__YOUR INSTRUCTIONS__. Begin at the line that has "Fusil de sniper", stop after the line that has "Produktbild von Besteck", and print exactly those lines from the records below, without any pictures.

__THE RECORDS__.

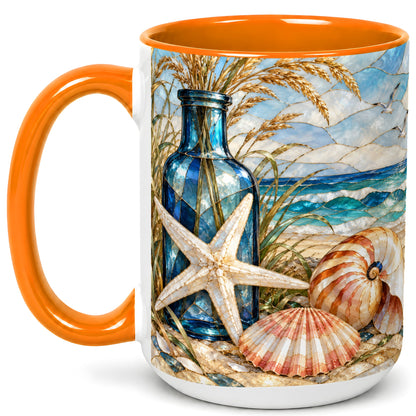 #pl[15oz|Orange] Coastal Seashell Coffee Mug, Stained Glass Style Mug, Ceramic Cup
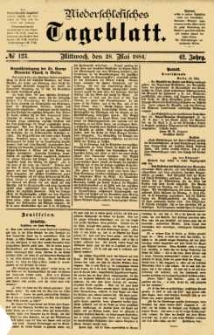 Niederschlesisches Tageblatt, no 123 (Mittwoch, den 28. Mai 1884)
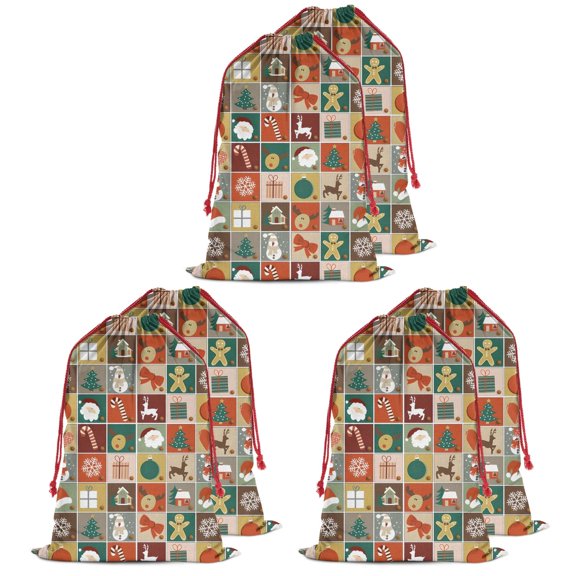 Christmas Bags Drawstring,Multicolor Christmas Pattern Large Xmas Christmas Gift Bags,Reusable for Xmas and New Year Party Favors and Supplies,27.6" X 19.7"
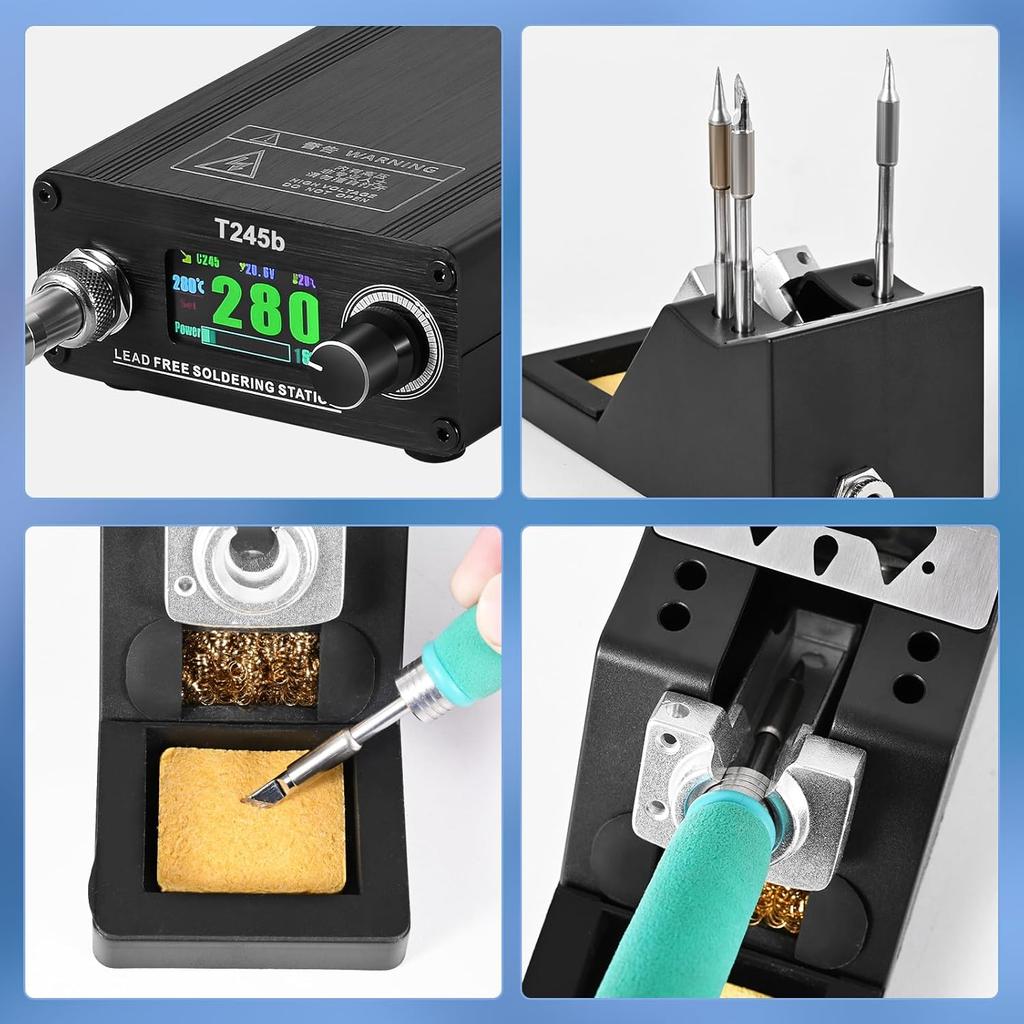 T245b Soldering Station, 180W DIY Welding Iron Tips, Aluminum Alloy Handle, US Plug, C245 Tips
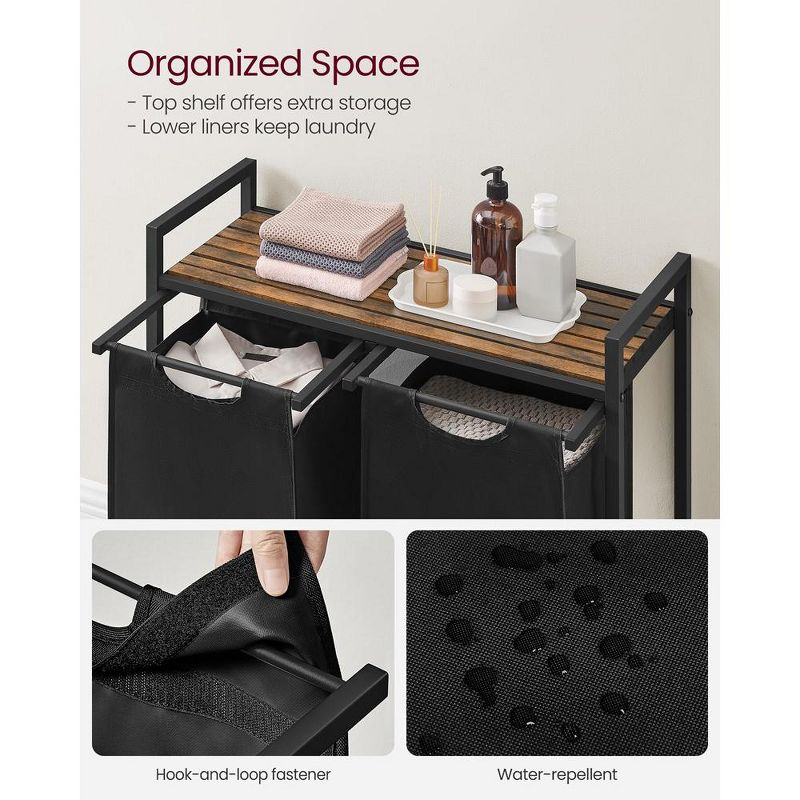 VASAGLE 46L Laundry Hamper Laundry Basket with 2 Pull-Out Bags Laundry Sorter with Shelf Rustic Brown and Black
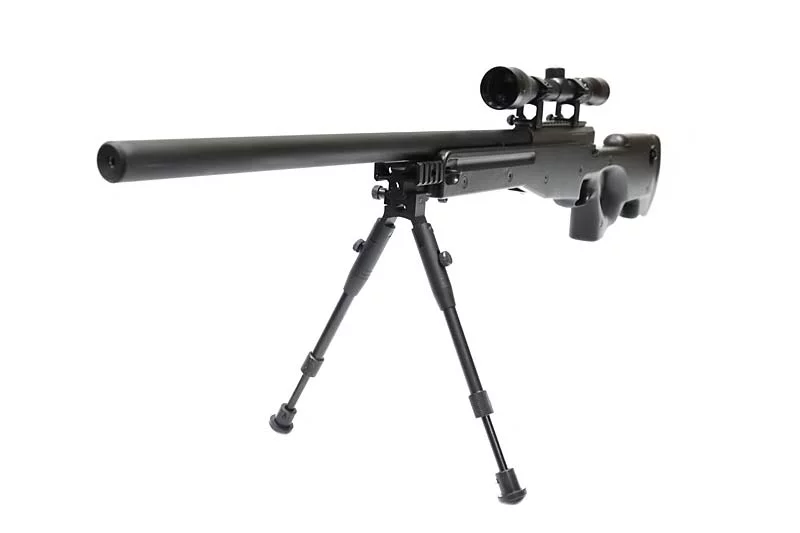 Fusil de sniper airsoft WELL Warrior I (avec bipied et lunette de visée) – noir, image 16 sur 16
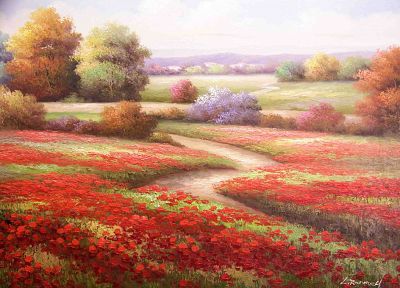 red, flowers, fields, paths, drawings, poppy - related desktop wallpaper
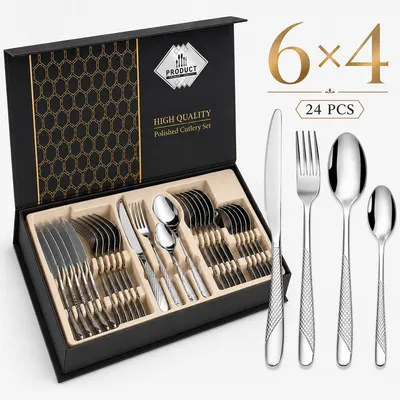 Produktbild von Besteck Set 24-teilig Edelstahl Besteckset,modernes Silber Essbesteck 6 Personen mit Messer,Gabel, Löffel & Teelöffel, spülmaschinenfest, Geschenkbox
* * *
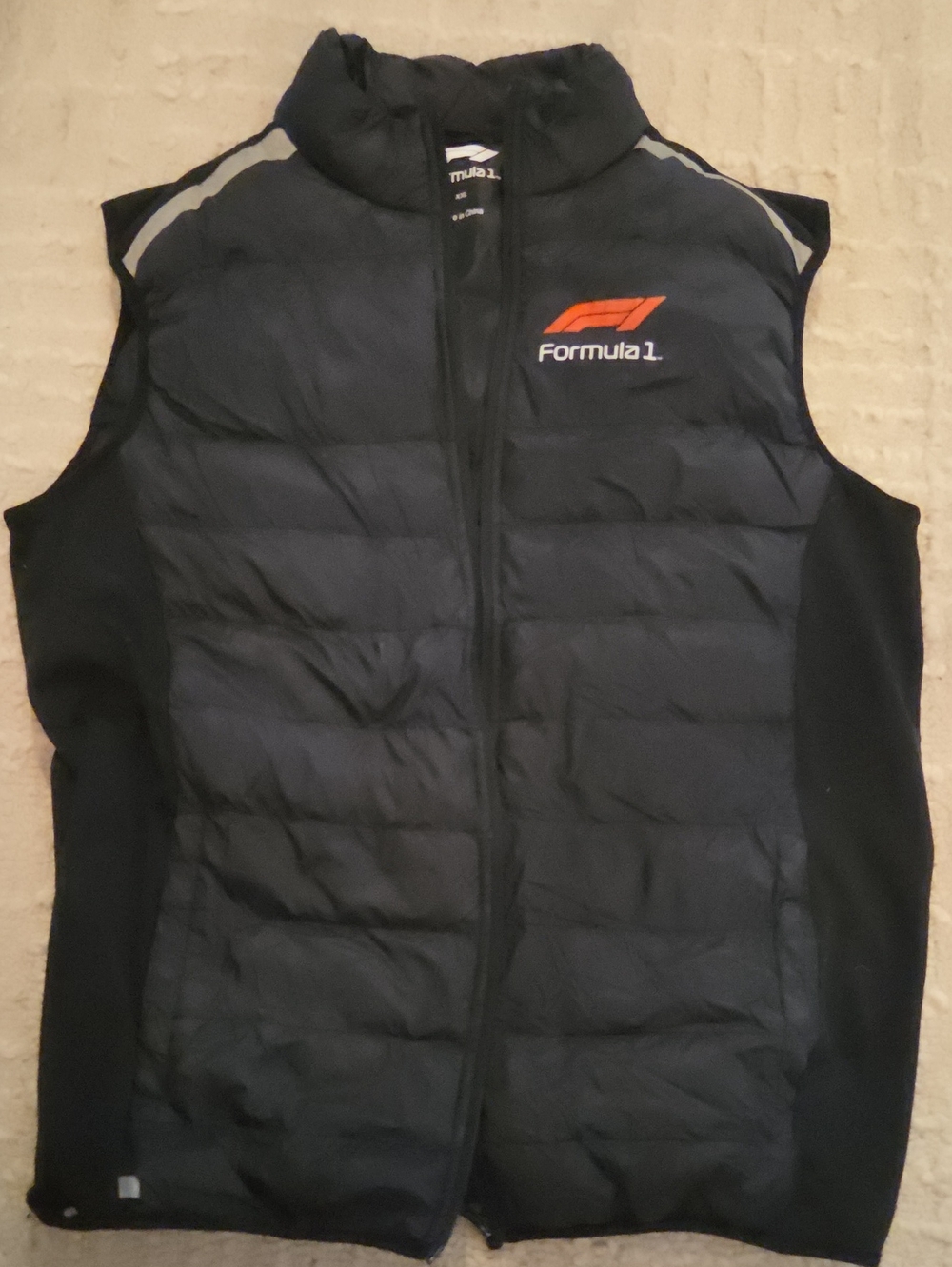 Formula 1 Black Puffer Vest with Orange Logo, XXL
* * *
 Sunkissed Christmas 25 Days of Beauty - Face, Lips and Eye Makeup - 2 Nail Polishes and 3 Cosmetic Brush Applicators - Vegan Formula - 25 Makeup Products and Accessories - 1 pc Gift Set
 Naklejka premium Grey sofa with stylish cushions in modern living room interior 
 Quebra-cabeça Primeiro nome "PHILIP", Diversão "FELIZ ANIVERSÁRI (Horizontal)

__RESULT OF THIS EXERCISE__.
 Fusil de sniper airsoft WELL Warrior I (avec bipied et lunette de visée) – noir, image 16 sur 16
 red, flowers, fields, paths, drawings, poppy - related desktop wallpaper
 Produktbild von Besteck Set 24-teilig Edelstahl Besteckset,modernes Silber Essbesteck 6 Personen mit Messer,Gabel, Löffel & Teelöffel, spülmaschinenfest, Geschenkbox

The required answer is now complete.